According to the Saga of Bishop Pall, the bishop was in the habit of sending expensive gifts to his friends in Norway, Denmark, Greenland, and the Orkney Islands. He surrounded himself with the finest artists in the land, four of whom are named in his saga: Amundi the Smith, Atli the Scribe, Thorstein the Shrine-Smith, and Margret the Adroit, who was the best ivory carver in Iceland.
Until recently, scholars thought the Lewis chessmen must have been carved in a town like Trondheim. Iceland was too poor and backwards to produce such sophisticated works of art.
They didn’t know about Bishop Páll and his artists.
Why not? The Saga of Bishop Páll has never been translated into English. Besides, many scholars consider the Icelandic sagas to be fiction. Some of the sagas are. The word “saga” comes from the Icelandic verb segja, “to say,” and it doesn’t imply either fact or fiction.
The Saga of Bishop Páll, however, is as factual as any medieval chronicle. It falls into the category of Contemporary Sagas. These sagas were composed within a generation of the actions they describe. Their authors were often eyewitnesses to the events.
The Saga of Bishop Pall is also backed up by archaeology. According to the saga, Pall was buried in a stone sarcophagus. This sarcophagus is the only one mentioned in Icelandic records.
The country has no tradition of stone sculpture, and even Icelanders did not believe the saga account of Bishop Pall’s sarcophagus—until they found it.
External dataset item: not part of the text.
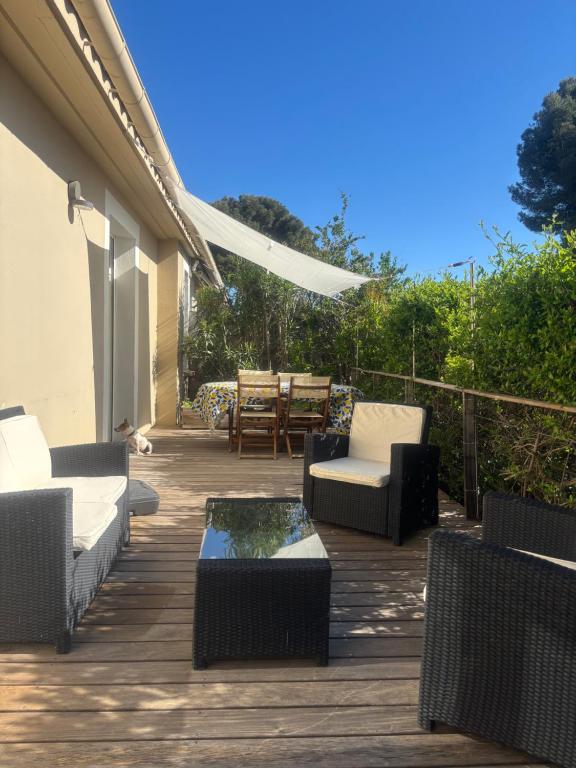 Le Nid Bleu, Sanary-sur-Mer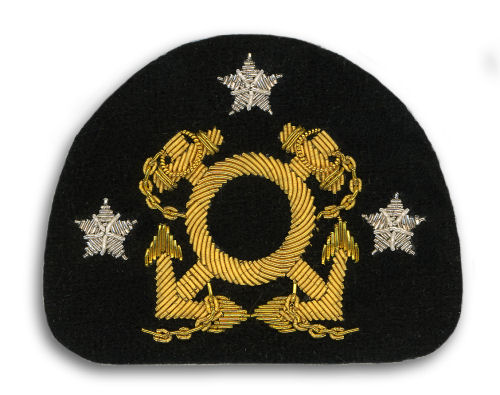 Yacht Club Officer Cap Insignia - Click Image to Close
In the mid-1950s, before the new church was built at Skálholt, archaeologists were called in to excavate. They were uncovering the floorplan of the huge cross-shaped medieval basilica, the largest wooden church in Scandinavia at the time, when one of the workers struck stone. “Of all the things that came to light during the excavations at Skalholt,” said archaeologist Kristjan Eldjarn (who later became president of Iceland), “the grave of Pall Jonsson is the most important and meaningful. It is not certain that another such sign and wonder of the Icelandic sagas could ever be unearthed.”
You can now see the sarcophagus in the basement of Skálholt Cathedral. Carved out of one large stone, of the soft reddish volcanic tuff found on the hill across the river from Skálholt, it is simple and elegant, its rounded lines ornamented only by two cylindrical knobs projecting from the broader end. The lid has been cracked by fire, perhaps by an inferno in 1309 that destroyed the cathedral, but otherwise the coffin shows little damage.
When it was opened, the researchers found a bishop’s crozier carved from walrus ivory resting on the shoulder of the skeleton.
In 2012, any question that the skeleton was not that of Pall Jonsson was put to rest by radiocarbon analysis, which dated a bone sample to between 1165 and 1220.
Margret the Adroit would have remained a colorful detail in a little-read saga if the Icelanders had not decided to build that new, modern cathedral at Skálholt—and called first for an archaeological excavation. The existence of Pall’s sarcophagus vouches for the overall truth of the Saga of Bishop Pall. The ivory crozier found inside it calls to mind the one Margret carved out of walrus tusk, the saga says, “so skillfully that no one in Iceland had seen such artistry before.”
The crosier of Pall. Photo by the Icelandic Science Web – www.visindavefur.is
Bishop Pall’s crozier is now on display in the National Museum of Iceland in Reykjavik. We don’t know if Margret made it, but if the one she carved was comparable, she was clearly a talented artist. And the description of Bishop Páll in his saga proves that this lover of fine things had the means, the motivation, and the taste to commission the Lewis chessmen.